Prompted by James Surowiecki’s most recent New Yorker column, the econoblogosphere has been discussing this paper about purchasing power and income inequality. Says Surowiecki, “In a recent paper on the effect of trade with China, the University of Chicago economists Christian Broda and John Romalis estimate that poor Americans devote around forty per cent more of their spending to ‘non-durable goods’ than rich Americans do. That means that lower-income Americans get a much bigger benefit from the lower prices that trade with China has brought.” Broda and Romalis’s University of Chicago colleague Steven Leavitt (of Freakonomics fame) chimes in, highlighting the counterintuitive idea that “Inequality has not grown over the last decade — at least not very much. What we think is a rise in inequality is merely an artifact of how we measure things.” Which in turn delights Cato Institute scholar Will Wilkinson, who’s anxious to rebut critics of rising income inequality: “If you think economic inequality matters, that’s because you think relative economic well-being matters. If you think economic well-being matters, then what you care about is consumption, not income. So what you’re worried about, my egalitarian friend, is consumption inequality. If the trend in consumption inequality is flat, will you please make a note of it?” That’s all in line with the libertarian ideology that holds that we can’t jeopardize the outsize rewards reaped from capitalism’s “creative destruction” with any sort of regulation lest we hamper society’s “dynamism.” (That’s also why unreconstructed Randians like Alan Greenspan don’t want to do anything to forestall bubbles.)

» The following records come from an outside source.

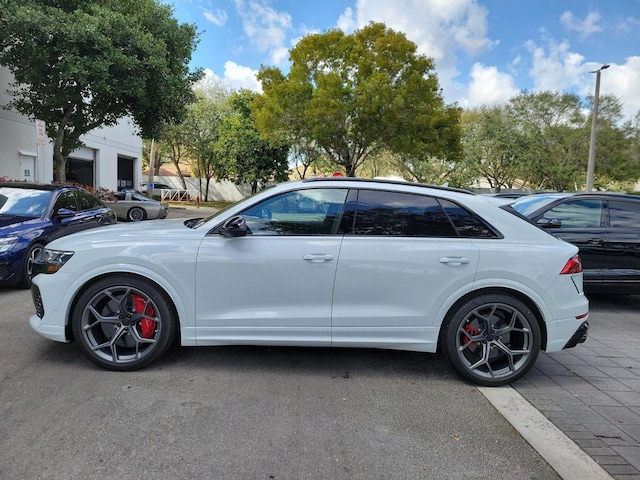 2026 Audi RS Q8 Base - Photo 11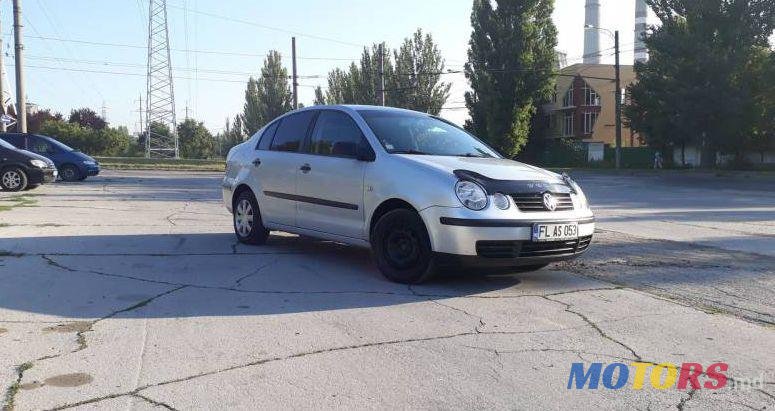 2004' Volkswagen Polo photo #1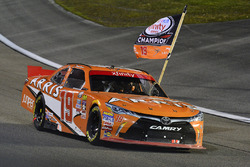 Campeón 2016 y ganador de la carrera, Daniel Suárez, Joe Gibbs Racing Toyota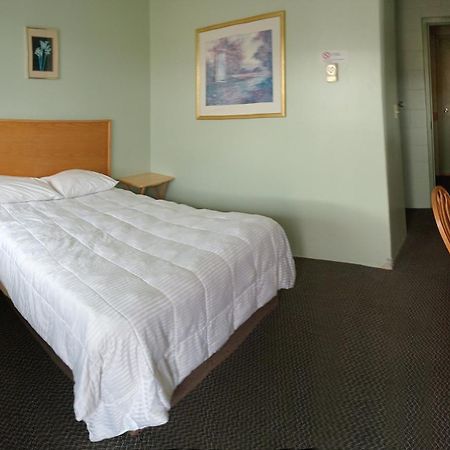 Chimo Motel Cochrane ภายนอก รูปภาพ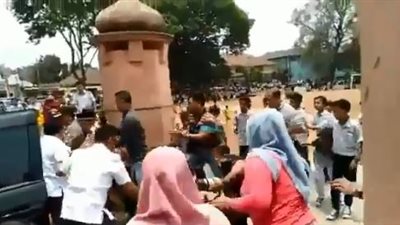 أول فيديو لعملية طعن وزير الأمن الإندونيسي  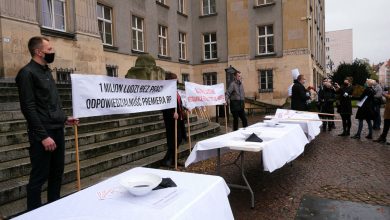 Protest pracowników gastronomii! Bez pomocy rządu branża nie przetrwa – twierdzą protestujący [WIDEO]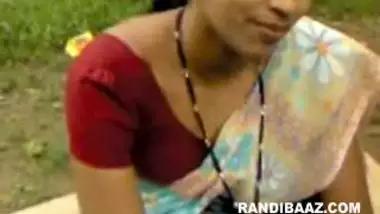 Indian village aunty outdoor sex video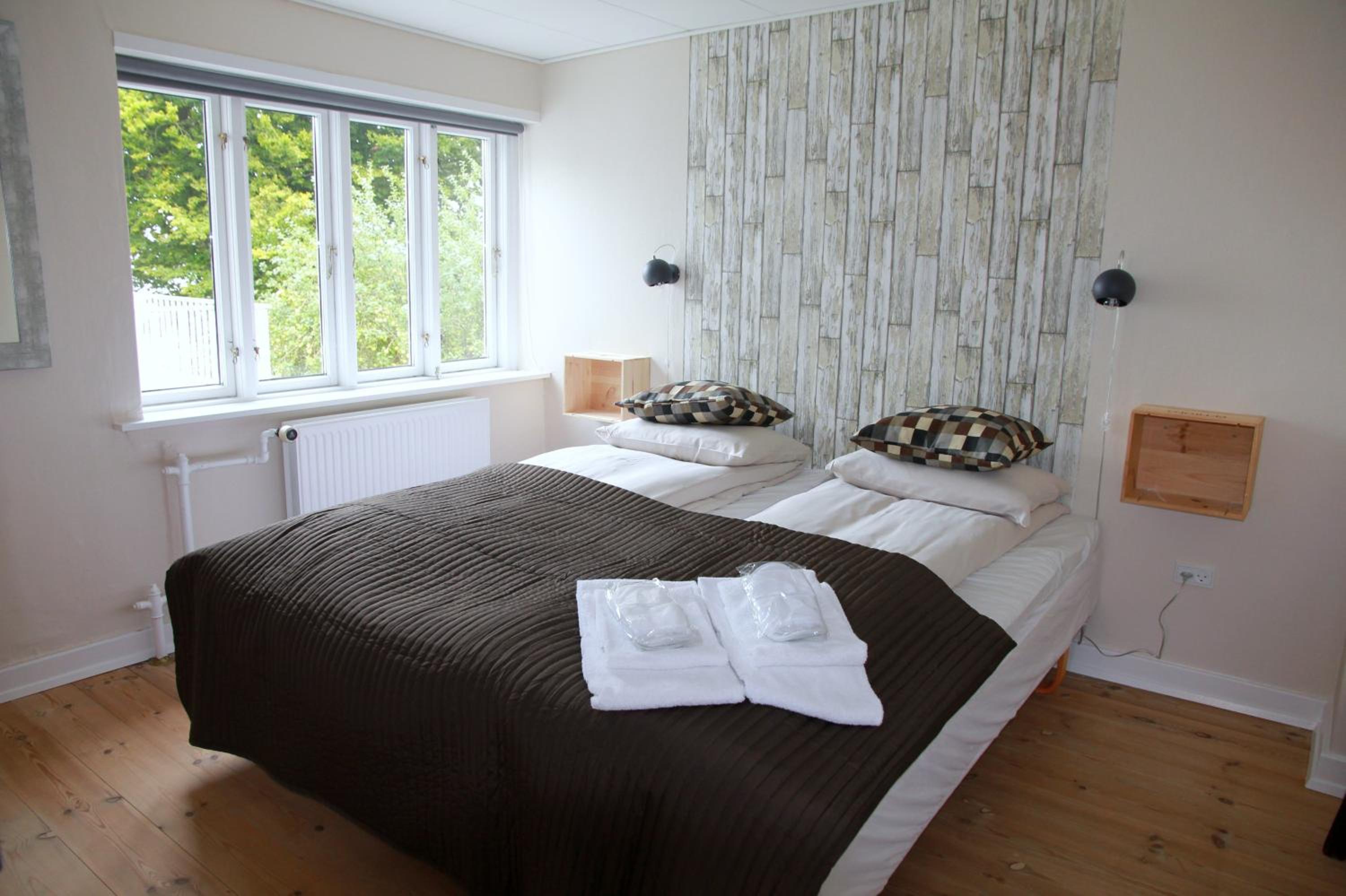 Double Room with Shared Bathroom photo 1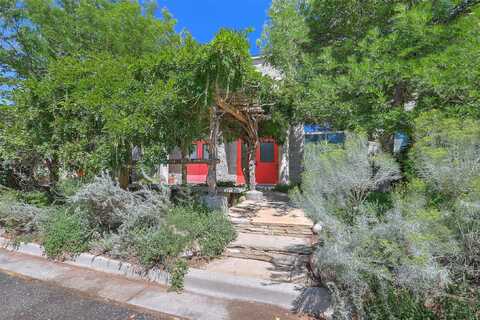 83 Placita De Oro, Santa Fe, NM 87501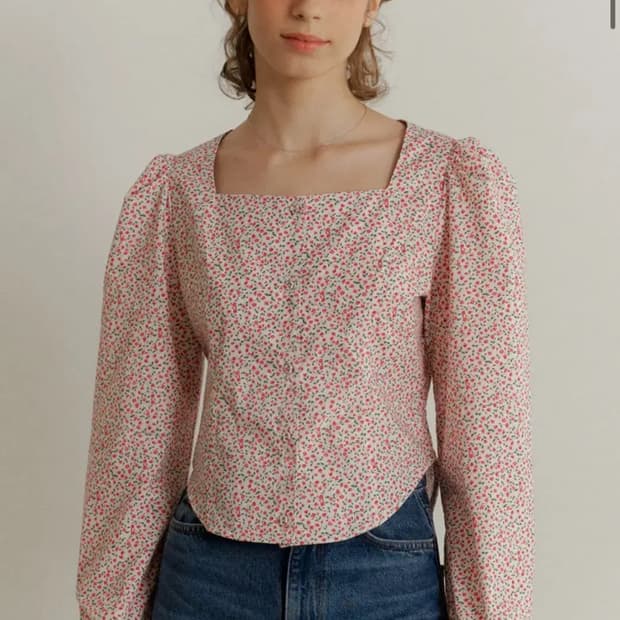 어몽 플로랄 스퀘어넥 블라우스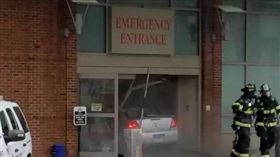 男載汽油衝撞醫院自焚　不排除是恐攻 圖／翻攝自WTNH.COM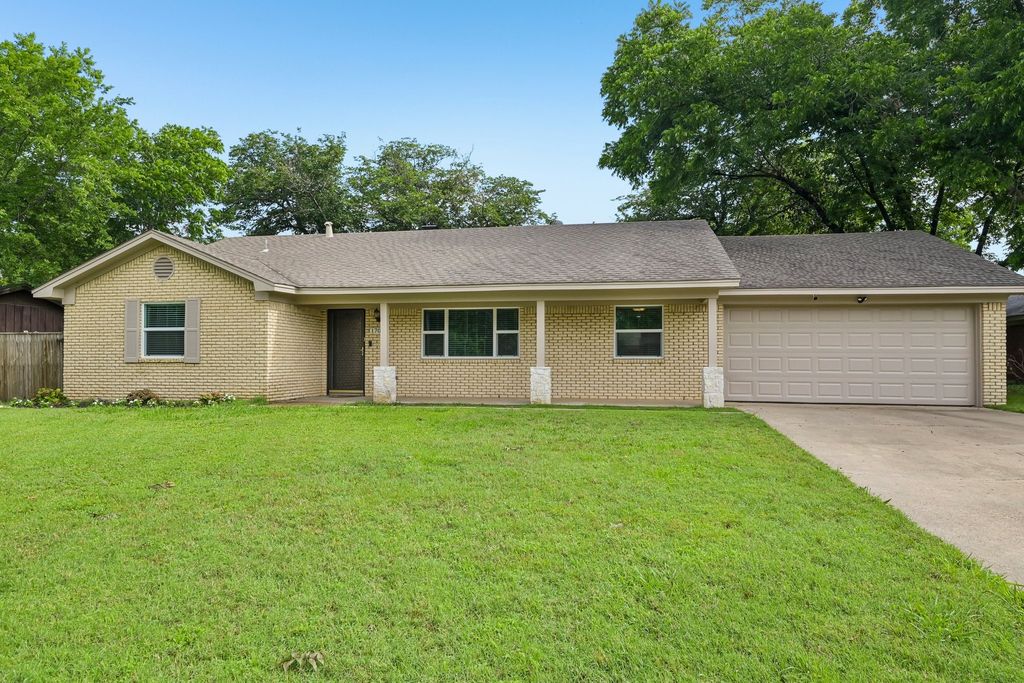 1707 Park Ridge Terrace, Arlington, TX 76012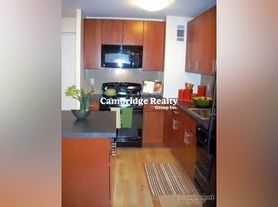 1054 Camelot Ct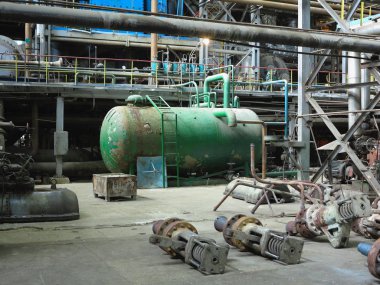 Elektrik motorları, borular, tüpler, e ile endüstriyel büyük su pompaları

Somewhat bizarrely, Leavitt argues (perhaps following the paper’s argument, though the abstract draws few interpretive conclusions) that because the lower-income bracket’s basket of goods has seen less inflation than the basket of goods typical for wealthier people, that inequality between the two groups has been mitigated. Felix Salmon questions the numbers here, but there seems to be a strange methodological assumption as well. Poor people haven’t chosen to buy the cheapening goods before the fact; they by them because they have to, because they are already cheap and not because they prefer them. So they may experience less inflation, but their stagnant incomes mean they don’t have the ability to price themselves into a different (and possibly more satisfying, more status conferring) level of consumption. I don’t know about you, but wouldn’t you want the rich person’s basket anyway, assuming you could afford it? Would you prefer clothes from SoHo boutiques or from Factory 2 U? Leavitt’s logic seems to be that you can enrich yourself de facto by buying cheap things, a la the Ernest and Julio Gallo commercial where the sybarite fat cat drinking cheap wine purrs, “How do you think I got so rich?” I don’t feel particularly rich when I go to the 99-cent store to buy recycling bags and am surrounded by mind-boggling amount of cheap crap available—instead I feel thankful that I don’t have to do my ordinary shopping there. It reminds me why it’s so comforting to be in luxury-retail zones, where clutter and sensory assault is minimized and precious retail space is wasted conspicuously. Less, in certain contexts, is much more. I’d suppose I would rather be in a position to enjoy fewer luxuries and revel in the experience they provide than be in a position where I couldn’t even dream about buying such experiences at all.
As economist Lane Kenworthy argues
Consumption is worth paying attention to. But income is important in its own right because it confers capabilities to make choices. What matters, in this view, is what you are able to buy rather than what you want to buy. If a rich person with expensive tastes gets an extra $100,000, she can continue buying high-end clothes and gadgets. Or she can choose to purchase low-end Chinese-made products and save the difference. Suggesting that if she opts for the former there has been no rise in inequality is not very compelling.